NASA's Mars Reconnaissance Orbiter circling high above the red planet has taken a break from its normal assignment of staring down at the ochre world beneath to get some snaps of Comet ISON as it passes by en route to the inner solar system.
Not going to set the world on fire. Or even the sky
Despite the fact that the orbiter used an instrument dubbed HiRISE - for High Resolution Imaging Science Experiment - the actual comet itself failed to fill more than a measly pixel. Disappointed NASA boffins wrote:
HiRISE saw a small spot at the position of ISON that is relatively bright, like a star, but moving relative to actual stars. The comet's coma is apparently very faint ...
... the image isn't visually pleasing ...

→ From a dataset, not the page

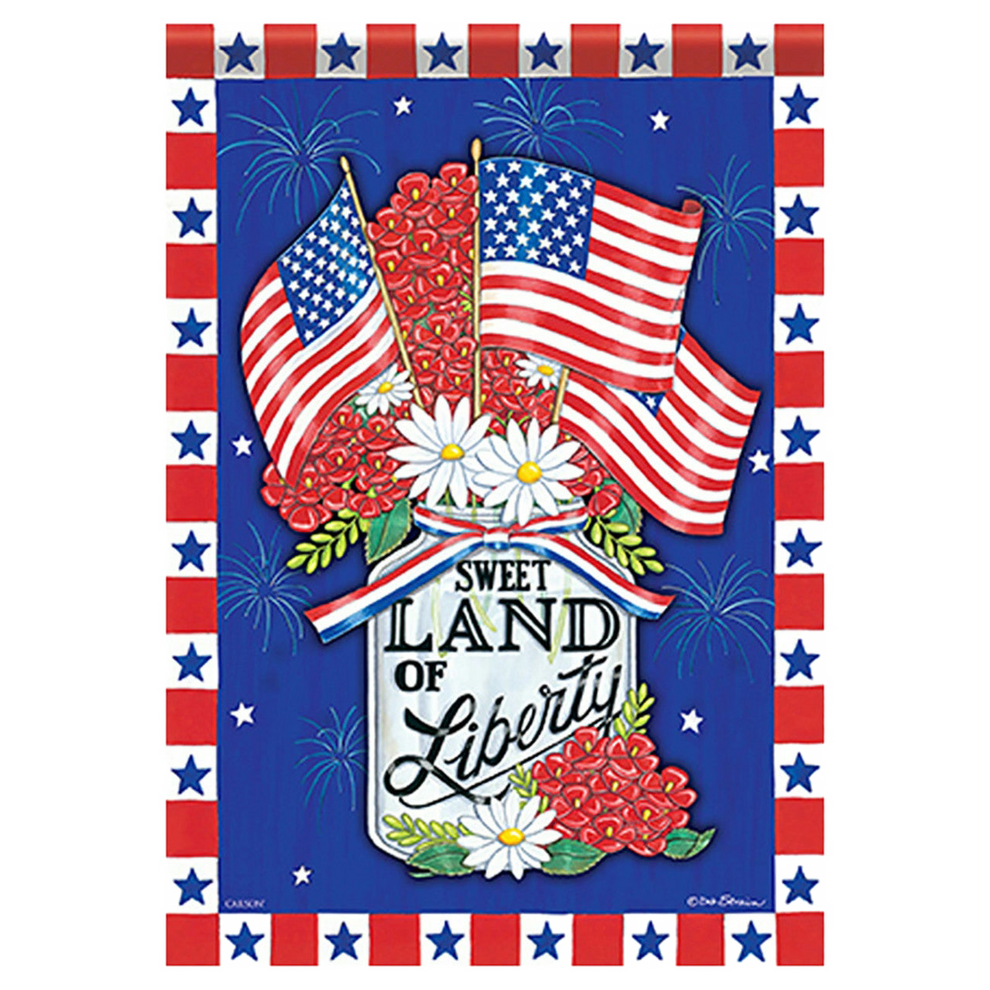 Decorative flag with American flags, flowers, and 'Sweet Land of Liberty' text on a blue background.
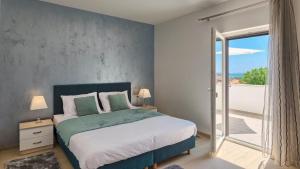 sypialnia z dużym łóżkiem i balkonem w obiekcie Luxury villa Medulin with pool near the beach , sea view, extra pool heating available w Medulinie +29 zdjęć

ISON was discovered by Russian astronomers last year, while it was still out beyond the orbit of Jupiter. It's thought to be a new comet, on its first plunge into the solar system from the Oort Cloud. Its path will take it within three-quarters of a million miles of the Sun at the end of November, so that if it was a big 'un it would perhaps have developed a spectacular sky-dominating tail. However this now doesn't seem at all likely.
Even so the NASA scientists offer some hope.
"As the comet gets closer to the sun, its brightness will increase to Earth-based observers," they write. "The comet may also become intrinsically brighter as the stronger sunlight volatilizes the comet's ices."
There's still hope of naked-eye visibility for ISON, even if not really any that it will be the comet of the century.